# INSTRUCTIONS TO FOLLOW
Below, some lines carry pictures; leave those pictures out and retype exactly the lines from the one with "Accessori Cards - 100" through the one with "Barbecue Paper Barbecue".

# DATASET RECORDS
################

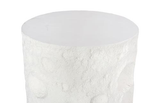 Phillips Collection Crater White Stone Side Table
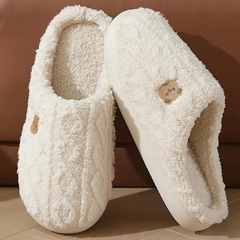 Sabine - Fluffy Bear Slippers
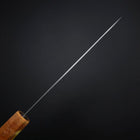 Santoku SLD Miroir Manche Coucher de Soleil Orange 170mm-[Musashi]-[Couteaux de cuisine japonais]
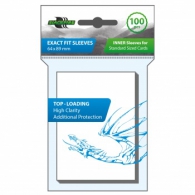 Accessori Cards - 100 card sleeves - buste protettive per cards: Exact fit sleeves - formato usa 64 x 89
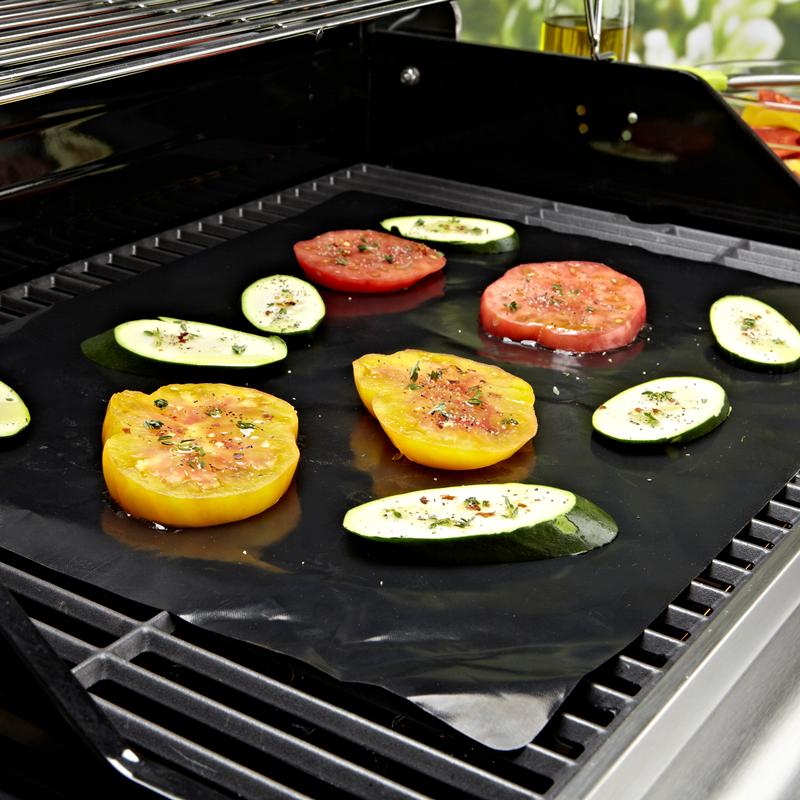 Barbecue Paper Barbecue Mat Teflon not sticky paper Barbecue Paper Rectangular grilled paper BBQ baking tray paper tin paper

################

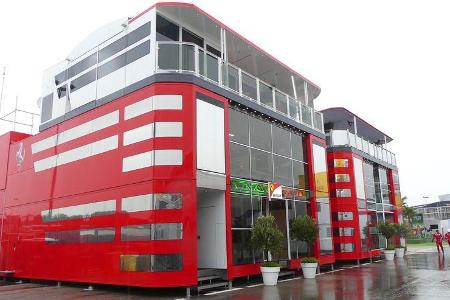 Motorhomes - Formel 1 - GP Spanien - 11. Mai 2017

################

# ANSWER TO THIS PROBLEM
 Accessori Cards - 100 card sleeves - buste protettive per cards: Exact fit sleeves - formato usa 64 x 89
 Barbecue Paper Barbecue Mat Teflon not sticky paper Barbecue Paper Rectangular grilled paper BBQ baking tray paper tin paper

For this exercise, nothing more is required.